Some members, indeed, are called uncomely, because they have not so
pleasing an appearance as those constantly in view.(4) But attend to what
the apostle says, when from the unity and harmony of the body he enjoins
charity on the Church: "Much more those members of the body, which seem to
be feeble, are necessary: and those members of the body, which we think to
be less honorable, upon these we bestow more abundant honor; and our
uncomely parts have more abundant comeliness. For our comely parts have no
need: but God hath tempered the body together, having given more abundant
honor to that part which lacked: that there should be no schism in the
body."(5) The licentious and intemperate use of those members is
disgraceful, but not the members themselves; for they are preserved in
purity not only by the unmarried, but also by wedded fathers and mothers of
holy life, in whose case the natural appetite, as serving not lust, but an
intelligent purpose in the production of children, is in no way
disgraceful. Still more, in the holy Virgin Mary, who by faith conceived
the body of Christ, there was nothing disgraceful in the members which
served not for a common natural conception, but for a miraculous birth. In
order that we might conceive Christ in sincere hearts, and, as it were,
produce Him in confession, it was meet that His body should come from the
substance of His mother without injury to her bodily purity. We cannot
suppose that the mother of Christ suffered loss by His birth, or that the
gift of productiveness displaced the grace of virginity. If these
occurrences, which were real and no illusion, are new and strange, and
contrary to the common course of nature, the reason is, that they are
great, and amazing, and divine; and all the more on this account are they
true, and firm, and sure. Angels, says Faustus, appeared and spoke without
having been born. As if we held that Christ could not have appeared or
spoken without having been born of a woman! He could, but He chose not; and
what He chose was best. And that He chose to do what He did is plain,
because He acted, not like your god, from necessity, but voluntarily. That
He was born we know, because we put faith not in a heretic, but in Christ's
gospel.

BOOK XXX: FAUSTUS REPELS THE INSINUATION THAT THE PROPHECY OF PAUL WITH
REFERENCE TO THOSE THAT SHOULD FORBID TO MARRY, ABSTAIN FROM MEATS, ETC.,
APPLIES TO THE MANICHAEANS MORE THAN TO THE CATHOLIC ASCETICS, WHO ARE HELD
IN THE HIGHEST ESTEEM IN THE CHURCH. AUGUSTIN JUSTIFIES THIS APPLICATION OF
THE PROPHECY, AND SHOWS THE DIFFERENCE BETWEEN MANICHAEAN AND CHRISTIAN
ASCETICISM.

   1. FAUSTUS said: You apply to us the words of Paul: "Some shall depart
from the faith, giving heed to lying spirits, and doctrines of devils;
speaking lies in hypocrisy; having their consciences seared as with a hot
iron; forbidding to marry, abstaining from meats, which God has created to
be received with thanksgiving by believers."(1) I refuse to admit that the
apostle said this, unless you first acknowledge that Moses and the prophets
taught doctrines of devils, and were the interpreters of a lying and
malignant spirit; since they enjoin with great emphasis abstinence from
swine's flesh and other meats, which they call unclean. This case must
first be settled; and you must consider long and carefully how their
teaching is to be viewed: whether they said these things from God, or from
the devil. As regards these matters, either Moses and the prophets must be
condemned along with us; or we must be acquitted along with them. You are
unjust in condemning us, as you do now, as followers of the doctrine of
devils, because we require the priestly class to abstain from animal food;
for we limit the prohibition to the priesthood, while you hold that your
prophets, and Moses himself, who forbade all classes of men to eat the
flesh of swine, and hares, and conies, besides all varieties of cuttle-
fish, and all fish wanting scales, said this not in a lying spirit, nor in
the doctrine of devils, but from God, and in the Holy Spirit. Even
supposing, then, that Paul said these words, you can convince me only by
condemning Moses and the prophets; and so, though you will not do it for
reason or truth, you will contradict Moses for the sake of your belly.

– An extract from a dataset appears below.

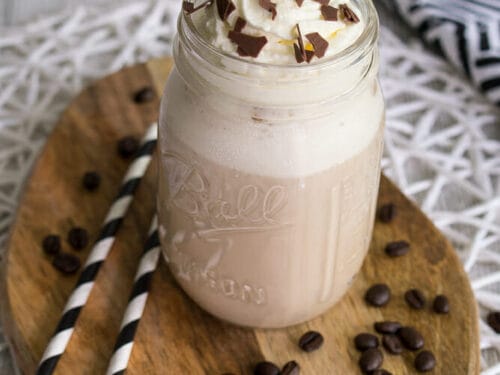 Eiskaffee im Einmachglas mit Schlagsahne und Schokoladenraspeln, umgeben von Kaffeebohnen und Strohhalmen.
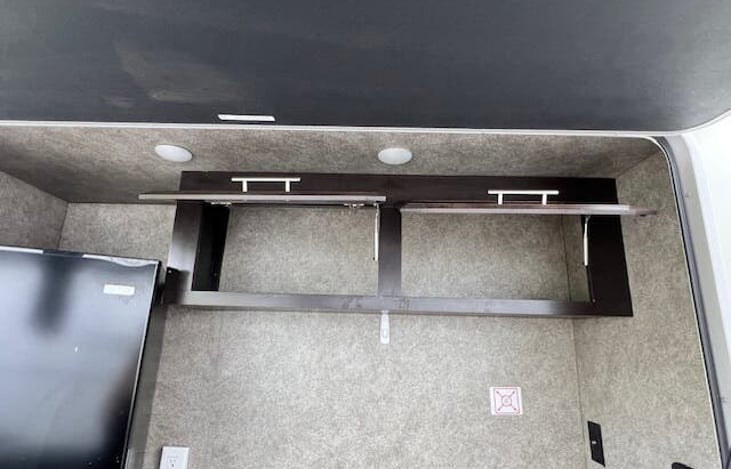 Outdoor kitchen over head storage.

   2. Besides, you have in your Book of Daniel the account of the three
youths, which you will find it difficult to reconcile with the opinion that
to abstain from meats is the doctrine of devils. For we are told that they
abstained not only from what the law forbade, but even from what it
allowed;(2) and you are wont to praise them, and count them as martyrs;
though they too followed the doctrine of devils, if this is to be taken as
the apostle's opinion. And Daniel himself declares that he fasted for three
weeks, not eating flesh or drinking wine, while he prayed for his
people.(3) How is it that he boasts of this doctrine of devils, and glories
in the falsehood of a lying spirit?

   3. Again, what are we to think of you, or of the better class of
Christians among you, some of whom abstain from swine's flesh, some from
the flesh of quadrupeds, and some from all animal food, while-all the
Church admires them for it, and regards them with profound veneration, as
only not gods? You obstinately refuse to consider that if the words quoted
from the apostle are true and genuine, these people too are misled by
doctrines of devils. And there is another observance which no one will
venture to explain away or to deny, for it is known to all, and is
practised yearly with particular attention in the congregation of Catholics
all over the world--I mean the fast of forty days, in the due observance of
which a man must abstain from all the things which, according to this
verse, were created by God that we might receive them, while at the same
time he calls this abstinence a doctrine of devils. So, my dear friends,
shall we say that you too, during this fast, while celebrating the
mysteries of Christ's passion, live after the manner of devils, and are
deluded by a seducing spirit, and speak lies in hypocrisy, and have your
conscience seared with a hot iron? If this does not apply to you, neither
does it apply to us. What is to be thought of this verse, or its author; or
to whom does it apply, since it agrees neither with the traditions of the
Old Testament, nor with the institutions of the New? As regards the New
Testament, the proof is from your own practice; and though the Old requires
abstinence only from certain things, still it requires abstinence. On the
other hand, this opinion of yours makes all abstinence from animal food a
doctrine of devils. If this is your belief, once more I say it, you must
condemn Moses, and reject the prophets, and pass the same sentence on
yourselves; for, as they always abstained from certain kinds of food, so
you sometimes abstain from all food.

   4. But if you think that in making a distinction in food, Moses and the
prophets established a divine ordinance, and not a doctrine of devils; if
Daniel in the Holy Spirit observed a fast of three weeks; if the youths
Ananias, Azarias, and Mishael, under divine guidance, chose to live on
cabbage or pulse; if, again, those among you who abstain, do it not at the
instigation of devils; if your abstinence from wine and flesh for forty
days is not superstitious, but by divine command,-consider, I beseech you,
if it is not perfect madness to suppose these words to be Paul's that
abstinence from food and forbidding to marry are doctrines of devils. Paul
cannot have said that to dedicate virgins to Christ is a doctrine of
devils. But you read the words, and inconsiderately, as usual, apply them
to us, without seeing that this stamps your virgins too as led away by the
doctrine of devils, and that you are the functionaries of the devils in
your constant endeavors to induce virgins to make this profession, so that
in all your churches the virgins nearly outnumber the married women. Why do
you still adhere to such practises? Why do you ensnare wretched young
women, if it is the will of devils, and not of Christ, that they fulfill?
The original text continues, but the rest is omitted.